Covering Australia with gateways that have an average coverage radius of 30km is going to require a major investment and any commercial entity putting up that amount of money won’t use a network without SLAs. In my opinion best you can hope for is them peering with the TTN community network if they have sufficient business to cover the network cost and de not need to sell access (telco) to recover there investment.
Here is an interesting development that could be implemented in the AU915 band which is not possible in AS923. With the AU915 band, particularly for gateways in FSB1 to 5, having different receive and transmit frequencies allows the gateway to receive while transmitting.
I must admit the frequency separation between Rx and Tx frequencies in AU915 is smaller than in the US915 band and this will have an effect on performance. (FYI, scroll back to the beginning of this thread where you can see graphics showing the AU915 Tx frequencies overlap FSB 6,7 & 8).
Will be interesting to analyse and determine the requirements for external RF (antenna) filters required to prevent the transmitter overloading or deafening the receiver.

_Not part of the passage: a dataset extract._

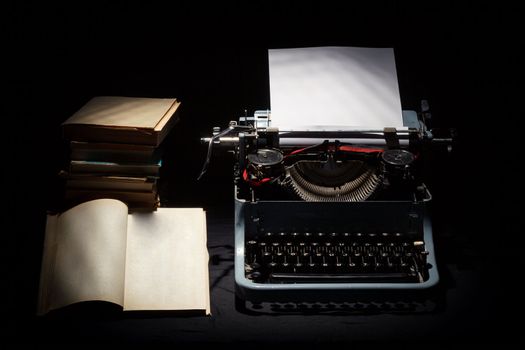 retro typewriter with stack of book and one opened book black background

Some early ref designs had option for seperate Tx & Rx antenna ports - with no RF switch? If I recall I think some RAK? concentrator boards were like that - potential therefore possible for one GW site to have two ants physically seperated - horizontally offset by +/- say 10m on ultralow loss cable, with also vertical seperation (potentially more improtant if can keep them in respective vertical nulls - perhaps +2/-2m to +5/-5m, and potentially sith some level of RF attentauting material inbetween? May still require some filtering but make electrical task easier?

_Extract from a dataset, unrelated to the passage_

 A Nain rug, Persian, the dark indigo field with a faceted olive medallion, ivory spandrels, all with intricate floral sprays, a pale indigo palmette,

Hi Jeff, Just looking at Semtech data sheets and its only for the SX1302 chip (SX1303) and if I remember those early concentrator boards used the SX1301 chip.
Looks like the Tx-Rx isolation needs to be >50dB as this is the isolation they are using in the test diplexor. Fairly typical figure for a Full Duplex radio system so I expect the RF engineering (as you proposed) to be straightforward.
Limited reference design information currently published, some for CN430 and less for US915, but its a start and enough to get us thinking.
Yes but remember the SX130x (1,8,2,3) is the (Digital) BBand device and LoRa + legacy mod/demod not the actual RF where the black magic has to take place - there are seperate RF device(s) for front end (SX1256/7 etc. for most designs (think some used an equivalent from e.g. ADI)) depending on target band - typically handling 4/8 x 125Khz channels over 1Mhz spread IIRC and which can also be further isolated/shielded for RF TX/Rx path and interface to BBand is then just classic digital i/f -handling I/Q data. time to dig into old notes and refresh as I’m starting to forget a lot of the early stuff!
Hi Jeff, my assumption this only applies to SX1302 (03) is based on the modified packet forwarder code which is available on github only applies to the SX1302 (03). In that code I can see an extra configuration parameter "full_duplex": true, or "full_duplex": false, which I assume sends immediate or queues the data in Half-Duplex.
As you correctly point out it could also apply to the SX1301(8), but I assume only if the associated packet forwarder is modified.
time to dig into old notes and refresh as I’m starting to forget a lot of the early stuff!